Go doesn't have a unique dependency management problem. This problem is shared by many other languages that have all solved it poorly. I haven't written much Go and am not a big fan of the language, but I am watching this discussion eagerly because a successful solution in Go will be an example for other languages to follow.


Curious about what languages you think solved it poorly, and why.


I guess now that I think of it, all the solutions I've seen break down into two techniques.

First, loading different versions of the library under the same name to provide to different parts of your code. This has different risks depending on how and when symbols are looked up or linked. In some languages you can end up with the two versions accidentally calling into each other or using each other's symbols. In other languages you run into the "expected Foo but got Foo" type errors mentioned by munificent. That's what happens when you use classloader tricks as a half-assed way of isolating "components" in Java.

Second, loading different versions of the library under different names. This requires hacking the compiled code or the source code; convenience and reliability will depend on the quality of the tools you're working with. Sophistication ranges from using sed to munge source code to using tools like objcopy that can read and rewrite compiled artifacts. Java "shading" (not "shadowing" as I said earlier) relies on rewriting class files.


A solution arguably has been found and it's cargo. I still don't get why it wouldn't work with go. My understanding is that the dep tool worked (works?) very similarly in principle.


Context is important here. Just one or two sections up it describes why having two different major versions of a package in a program can be a good thing (which is something dep don't provide, as far as I know).


I understand, but the implication is that somehow all the other languages out there with collectively decades of experience in dependency management somehow all made the wrong tradeoff and Go is rightfully correcting their mistake. Basically, I think these blog posts should be 80% justification and 20% explanation for vgo, instead of vice versa.

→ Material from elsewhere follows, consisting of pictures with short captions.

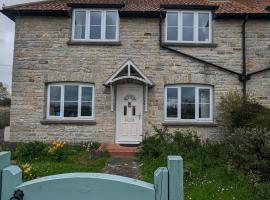 Cosy family cottage south Somerset, hotel med parkering i Long Sutton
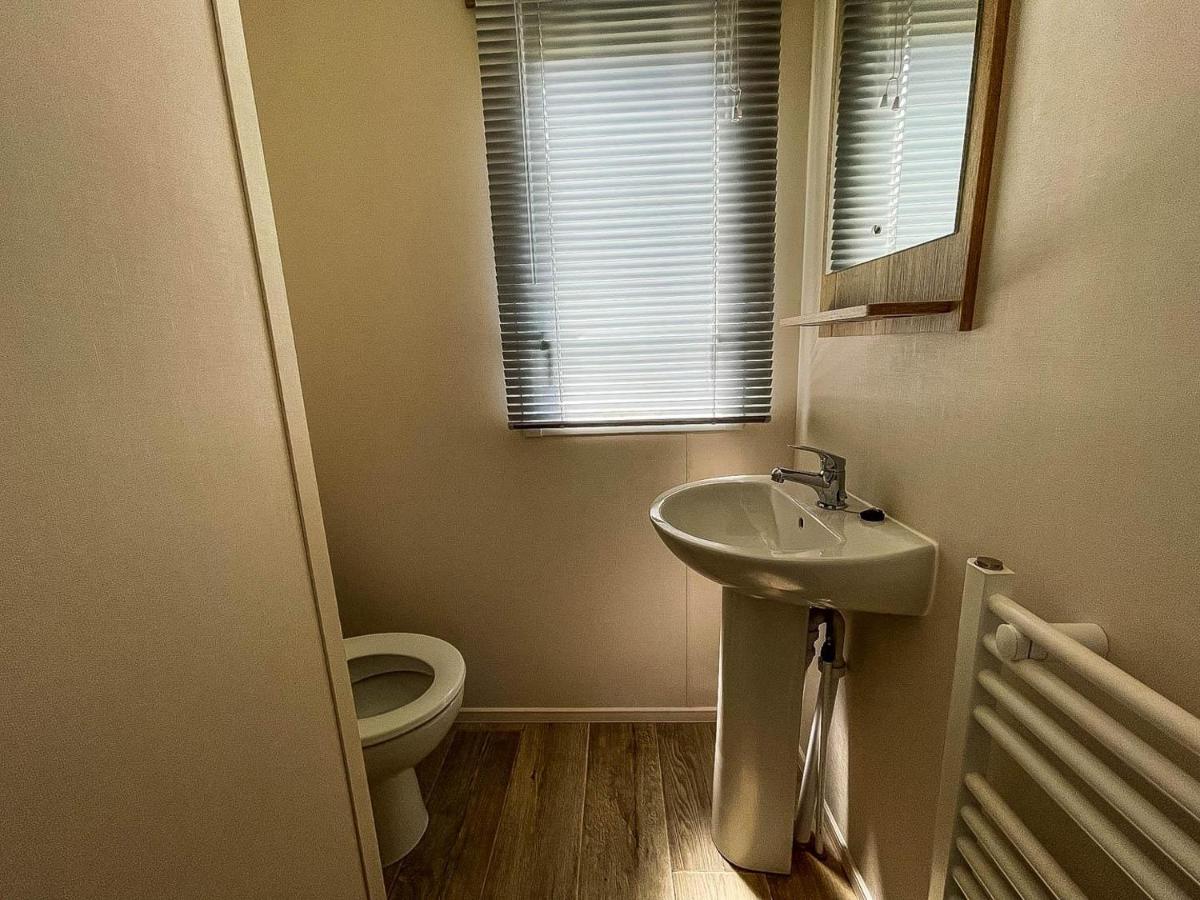 Modern Caravan At Broadland Sands In Suffolk, Sleeps 6 Ref 20256bs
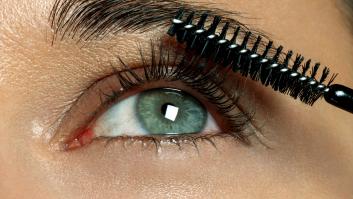 No solo ropa y accesorios: este otoño las máscaras de pestañas también se tiñen de marrón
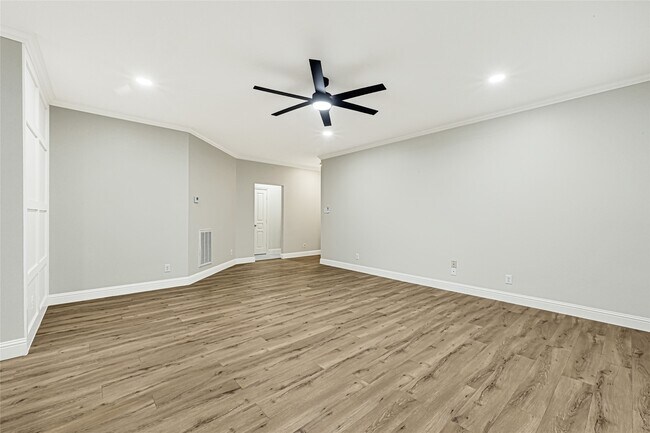 Building Photo - 11015 Harston Dr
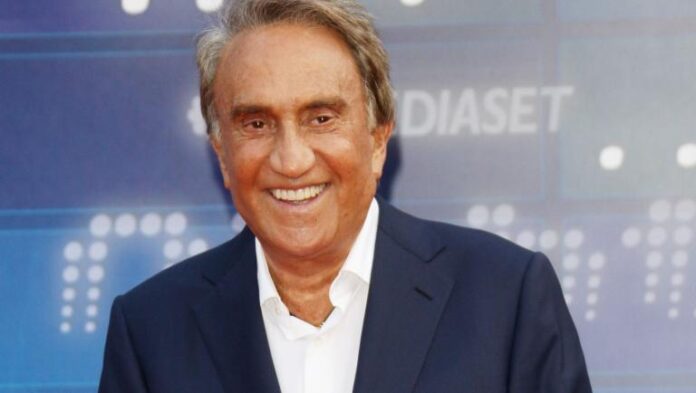 Addio a Emilio Fede, morto a 94 anni: la carriera e gli ultimi giorni dell’ex direttore del TG4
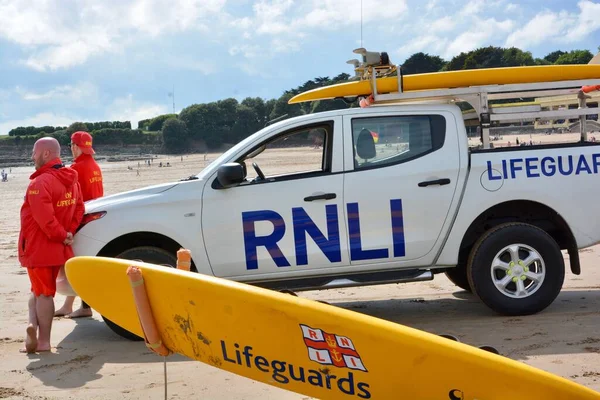 Barry, Glam / Galler Vadisi - 27 Haziran 2020: İnsanlar küçük gruplar halinde, sosyal mesafeli bir plaj gününün tadını çıkarmayı öğrenirler. Birbirlerinden uzak dururlar. Polis devriyesi ama herkes yeni özgürlüğünden çok memnun.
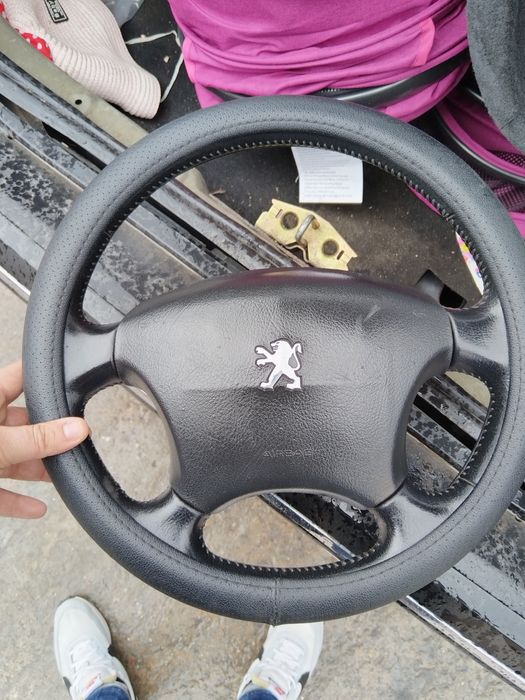 Vand volan peugeot 407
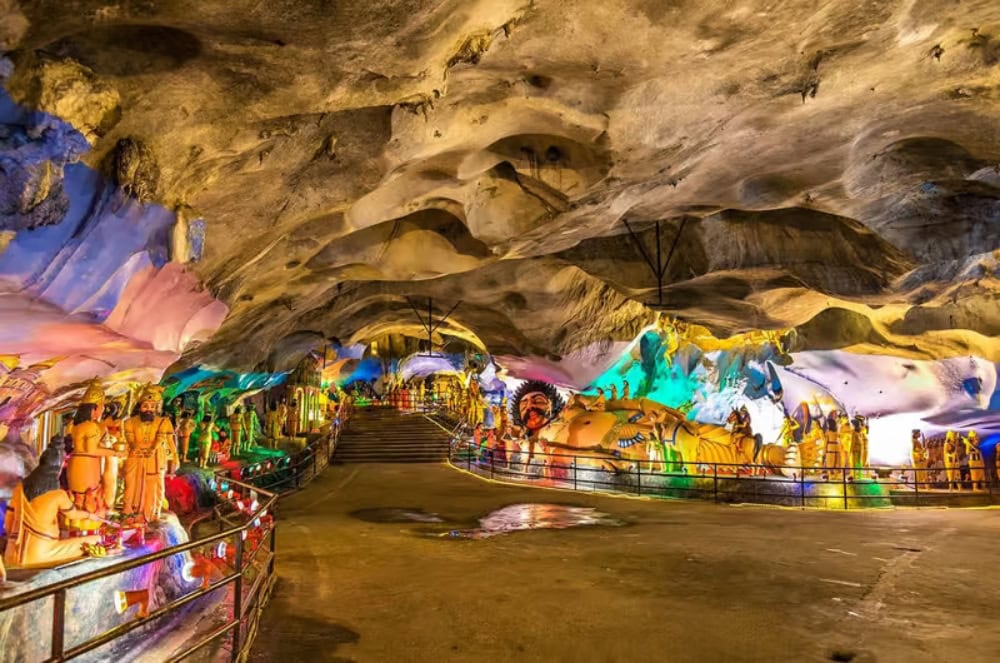 Batu Caves का रहस्य: 382 सीढ़ियां चढ़कर पहुंचते हैं इस अनोखे मंदिर तक
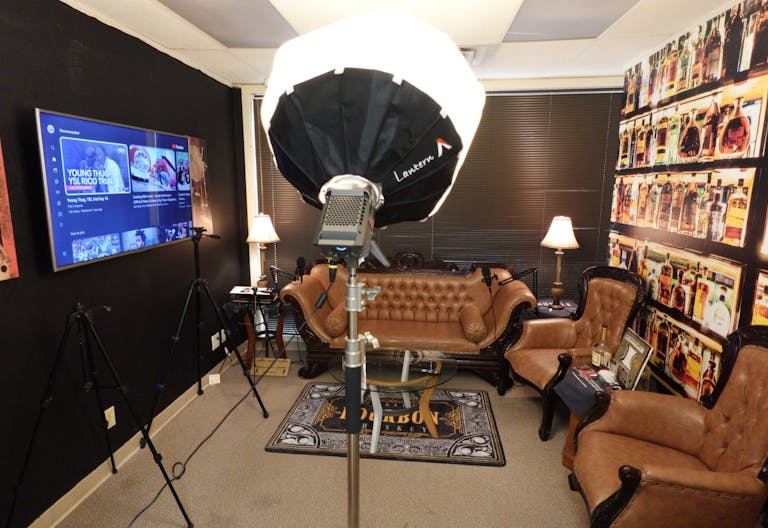 CONTENT CREATOR LOUNGE - Image 2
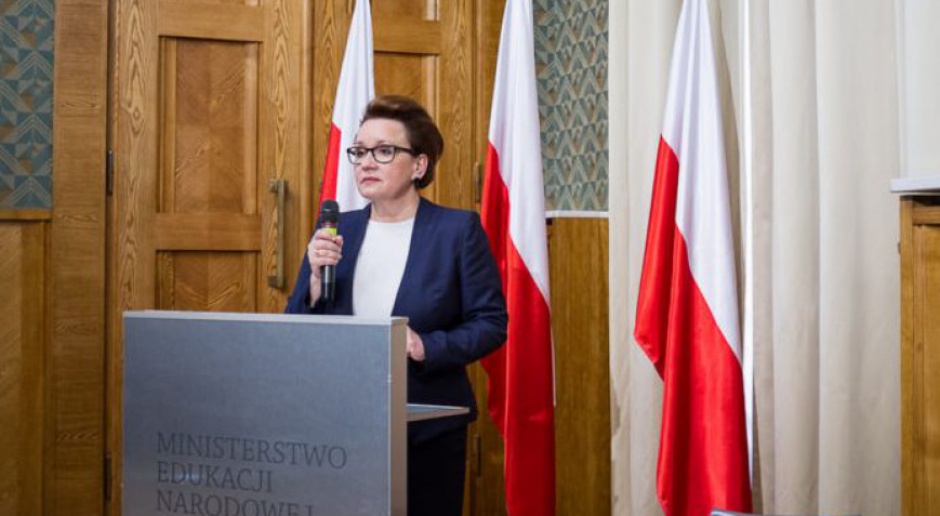 Reforma oświaty: Anna Zalewska podpisała rozporządzenie w sprawie nowych podstaw programowych
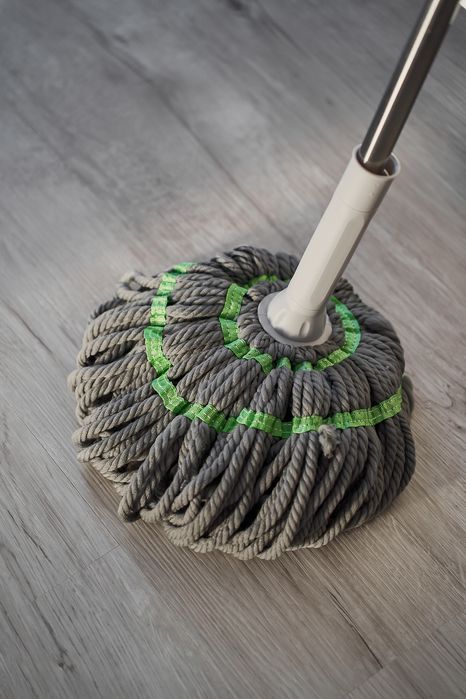 Швабра с отжимом по 2400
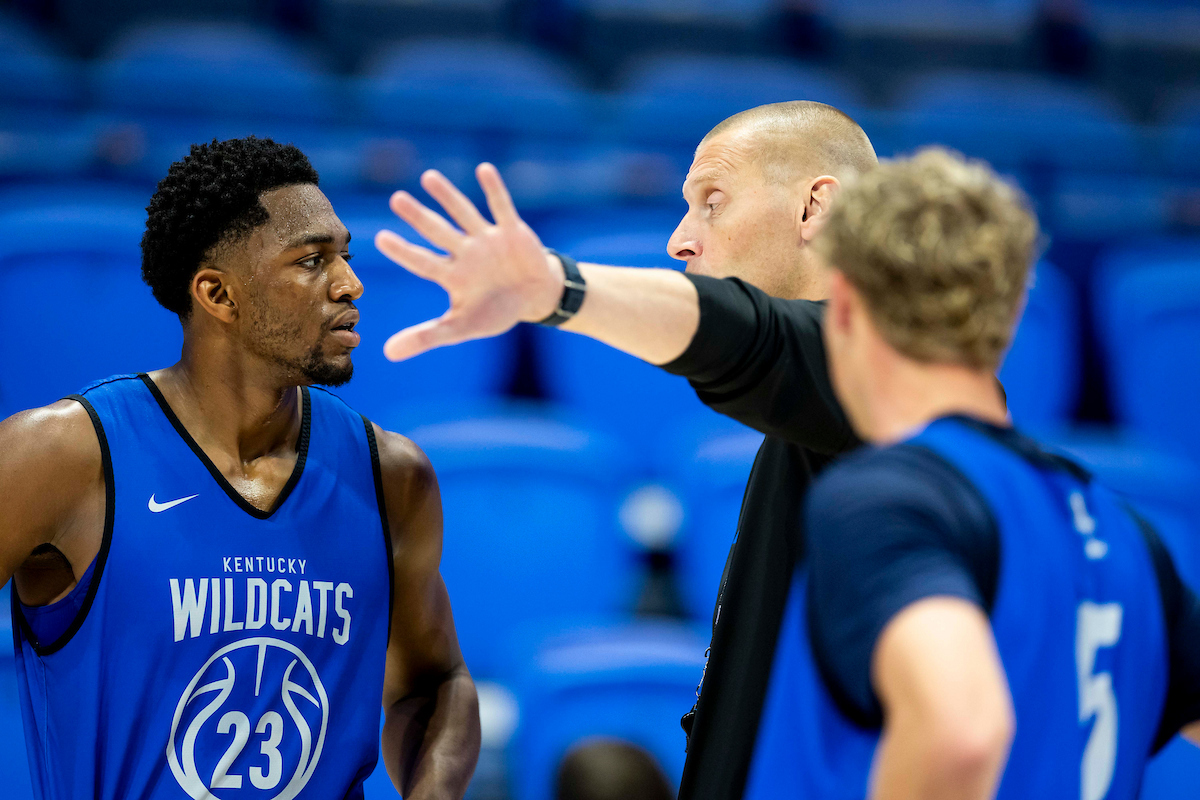 Men's Basketball Practice Photo Gallery (Sept. 25)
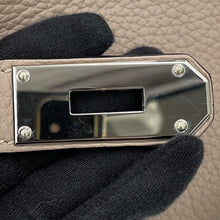 将图像加载到图库查看器中，HERMES ShoulderBirkin Gris Tourterelle Taurillon Clemence Size 42
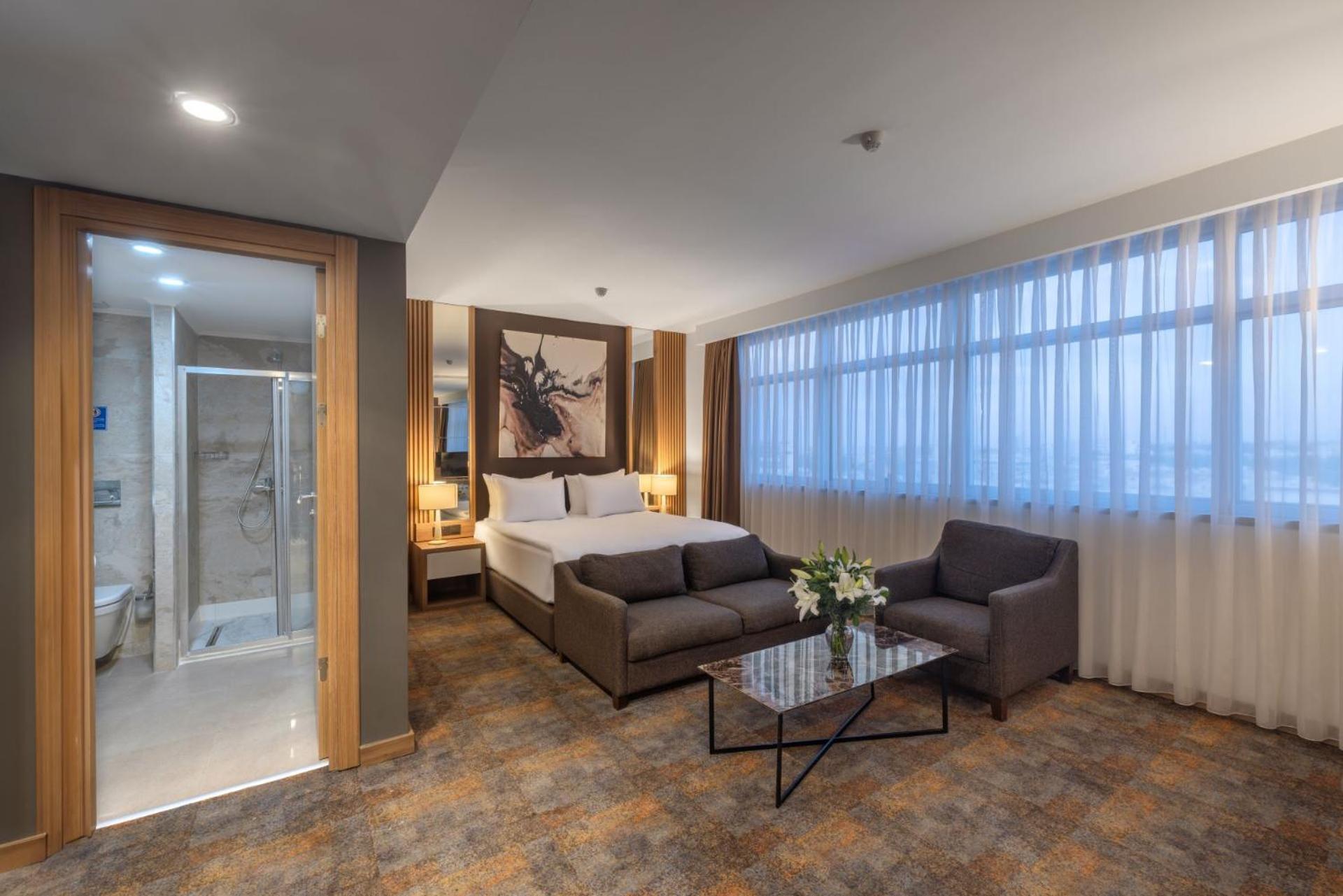 Grand Sapphire Hotel 4*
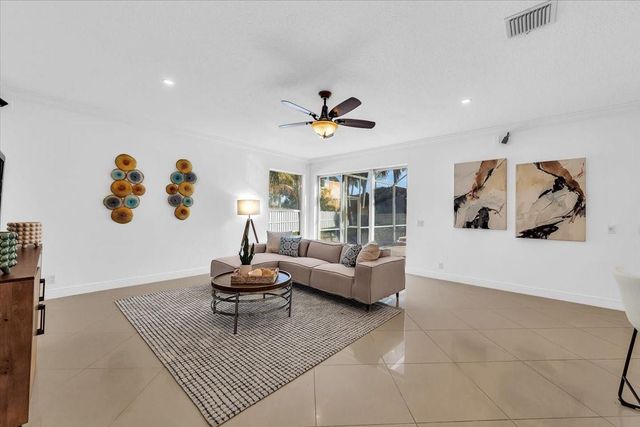 13702 NW 10th Ct, Pembroke Pines, FL 33028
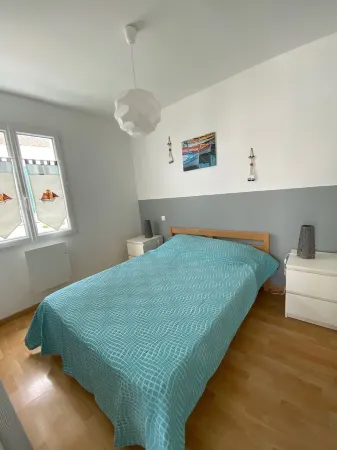 Pleasant House Furnished Tourism  in the Typical Village of la Chefmalière Отели в г. Сен-Пьер-д'Олерон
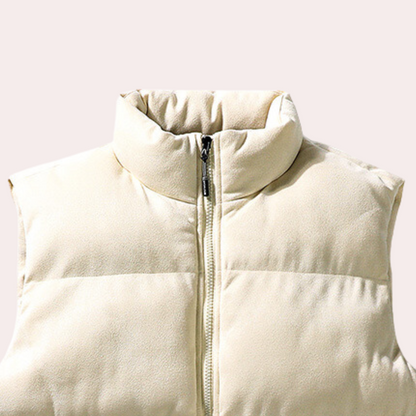 justin-lightweight-padded-vest-img4.png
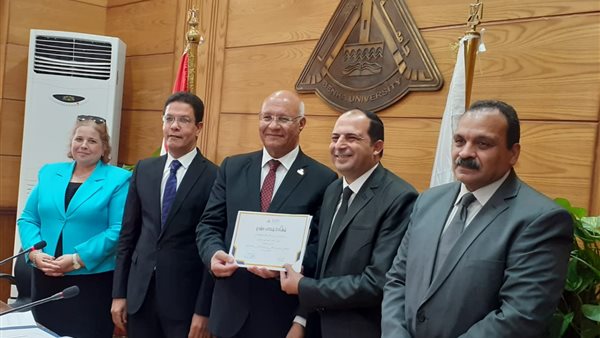 جانب من التكريم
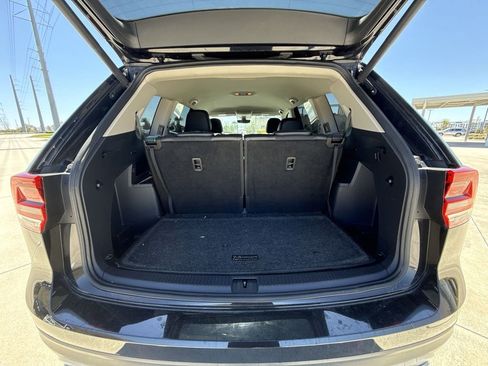 Used 2020 Volkswagen Atlas SE image 13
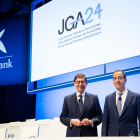 El presidente de CaixaBank, José Ignacio Goirigolzarri, y el consejero delegado, Gonzalo Gortázar, en la Junta General Ordinaria de Accionistas.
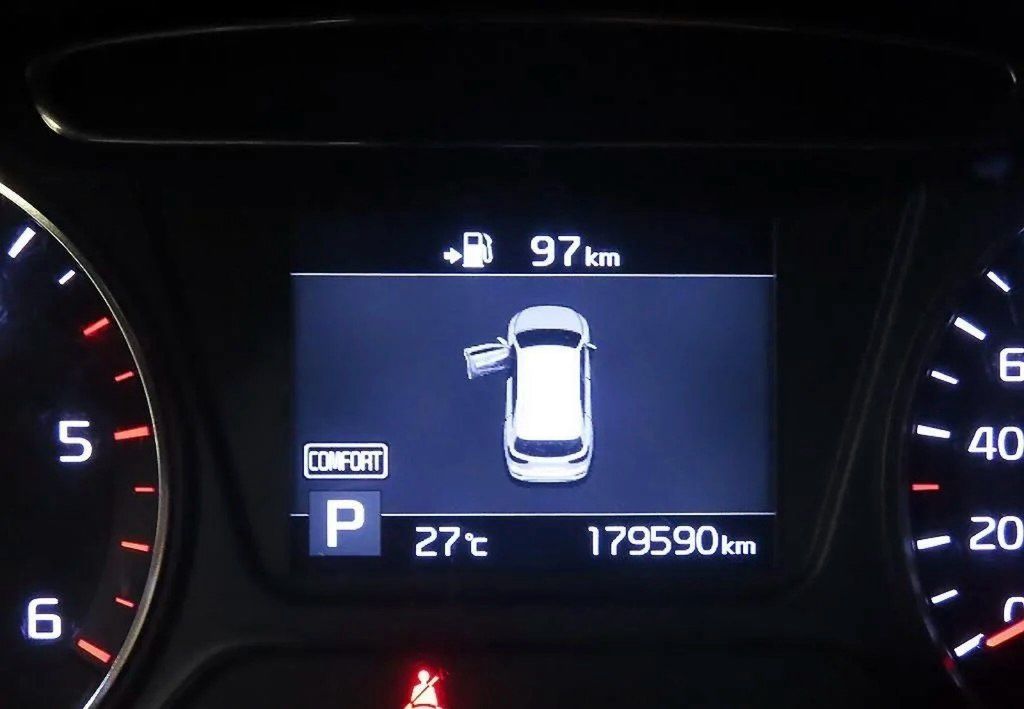 Kia Sorento, 2.0 L, 2017 il, 179 590 km — Avtomobillər (11)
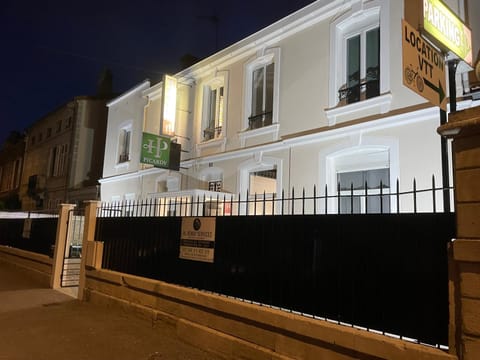 Property building, Night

In the first example, it shows how a other package managers may handle it (multiverse, clone arguments). What rsc is suggesting is that we learn from our past.


Can you expand on "you know, the "official experiment" that suddenly got discarded to the surprise of its developers" and where that announcement was made?


From sdboyer, developer of dep: https://sdboyer.io/blog/vgo-and-dep/

"vgo, as currently conceived, is a near-complete departure from dep. It was created largely in isolation from the community’s work on dep, to the point where not only is there no shared code and at best moderate conceptual overlap, but a considerable amount of the insight and experience gleaned from dep as the “official experiment” is just discarded."

"Now, maybe the benefits of vgo’s model will be so profound that these losses, and the difficulties of more experimental churn will be justified. i can’t prove that won’t be the case. And, if it does turn out that way, it would be stupefyingly hypocritical of me to protest, having spent the last year and a half asking the authors of other Go package management tools to gracefully bow out in favor of dep. All i can say for sure is that i’m sorry: to expose the community to yet more churn, and to anyone who feels like i’ve misled them about the process, and especially to dep contributors, who may find this announcement to feel rather like a punch in the gut. For whatever it’s worth, none of that was ever my intent, and this is not the path i believed we would be walking."


This article actually made the issue finally click for me: Go is having trouble solving this problem because it has more going on in the global environment, like its ancestor languages, and unlike more modern languages. They need to come up with a complicated framework to reign in their spooky action at a distance, because they have lots of implicit global relationships where we might prefer more explicit and local ones.

Yikes.


> where we might prefer more explicit and local ones.

could you expand on this? who is "we" and what are those explicit and local relationships? are you talking about an opensource ecosystem or a private enterprise?


In this case I mean open-source communities and the companies that heavily rely on them.


I'm not sure I understand your point. It seems you're implying (please correct me if I'm wrong) that ecosystems of modern open-source languages are more local, more tightly coupled and having people working in concert towards a common goal.

In my experience this is often what happens when a new community is spawned. E.g. when nodejs started it was there was always one single implementation of that thing I needed and it was reasonably up to date with the rest of the things around it (including the runtime environment, of which there was only one or perhaps two mayor versions of). As time went on more people started to contributing, often with different levels of commitment.

Often "modern" gets conflated with "young". Almost by definition, young communities don't develop the same kind of problems of mature communities, yet.


I think the main example in the article is talking about incompatible types, not global variables, so the issues apply more or less the same in any language (Java, Python, C++, etc), since there is generally no guarantee that one version of a library can work with objects of another version of a library at run time (since the private fields may be different between the two versions).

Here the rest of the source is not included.